Мне стало легче, когда они ушли. Я излил на них весь свой гнев, сказал им в лицо всю правду. Спустя несколько часов меня перевели в другую камеру в том же коридоре. Она была в два раза больше, там было небольшое окошко и деревянный пол. Здесь я провел остаток наказания. Все же пошло на пользу то, что я им высказал.
Двадцать дней прошли, но за мной никто не приходил. Я постучал. Дежурил в тот день самый плохой надзиратель. Принося мне котелок кипятка и стараясь хоть чем-то напакостить, он наливал в него холодной воды. Он спросил, почему я стучу. Я объяснил, что мой срок истек.
– Хорошо, перестаньте стучать, – сказал он.
Это меня настолько вывело из себя, что я начал кричать.
– Не ори, а то надену на тебя смирительную рубашку.
Я начал еще громче кричать и стучать, требуя освободить меня. Это услышал дежурный офицер и спросил, в чем дело.
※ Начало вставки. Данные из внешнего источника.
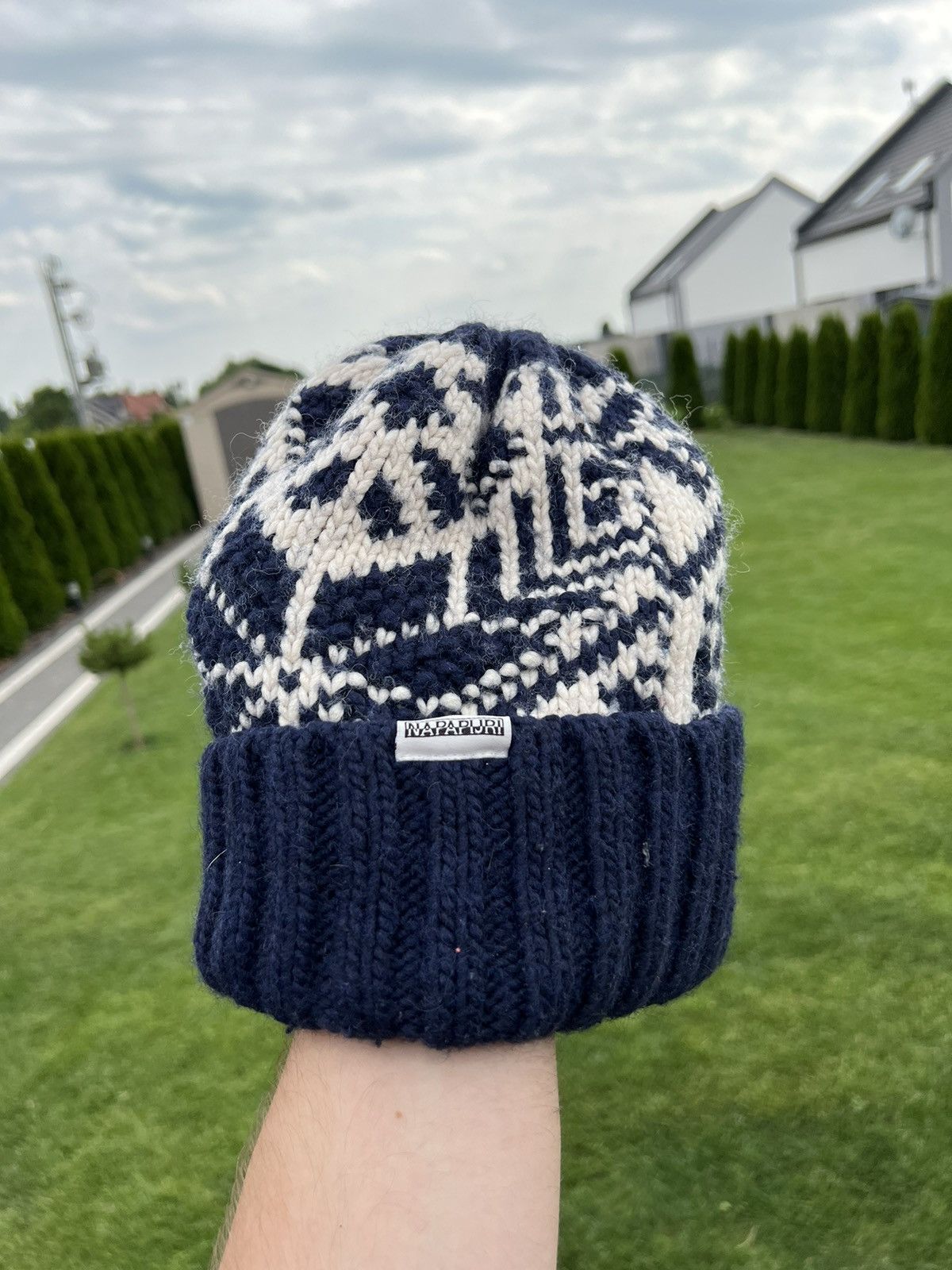 Napapijri Napapijri Vintage Beanie retro Size ONE SIZE - 2 Thumbnail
Я ему все объяснил.
– Потерпите немного, я посмотрю, что можно сделать.
Офицер вскоре вернулся, принеся мне порцию баланды и кусок хлеба.
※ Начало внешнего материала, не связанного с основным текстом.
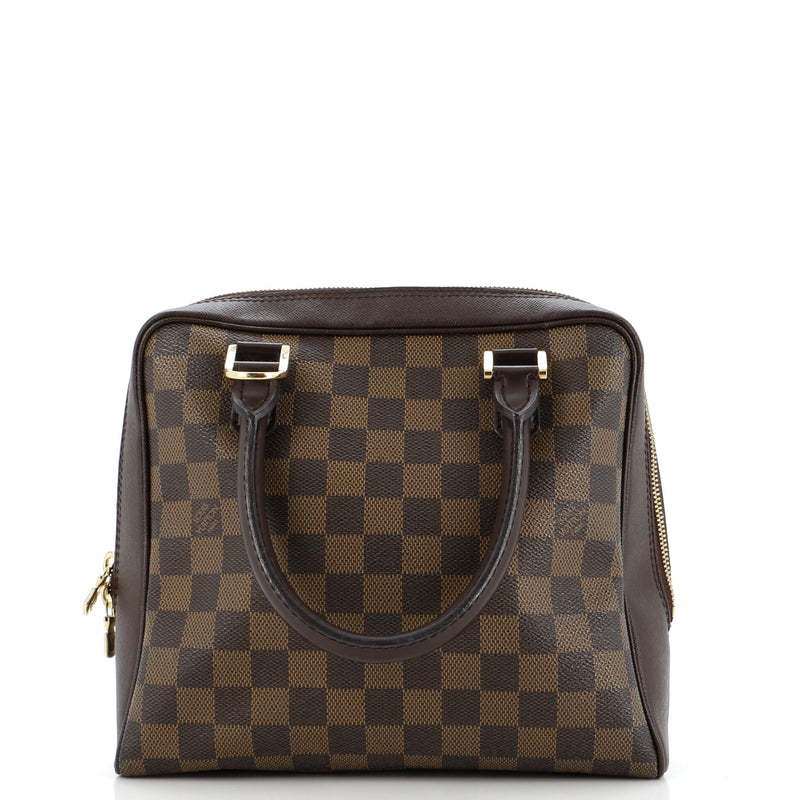 Louis Vuitton Brera Handbag Damier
– Ешьте! В управлении уже никого нет. Но я обязательно выясню, почему мне не передали распоряжение выпустить вас.
Этой же ночью он перевел меня из карцера в восьмиместную камеру на третьем этаже этого же здания. Указав на заправленную койку, покрытую одеялом, произнес:
– Ложитесь здесь и спите.
Во сне я почувствовал, что меня кто-то толкает. Открыв глаза, я увидел около себя все того же офицера. Он приказал мне одеваться. Я глянул в окно – на улице было по-прежнему темно.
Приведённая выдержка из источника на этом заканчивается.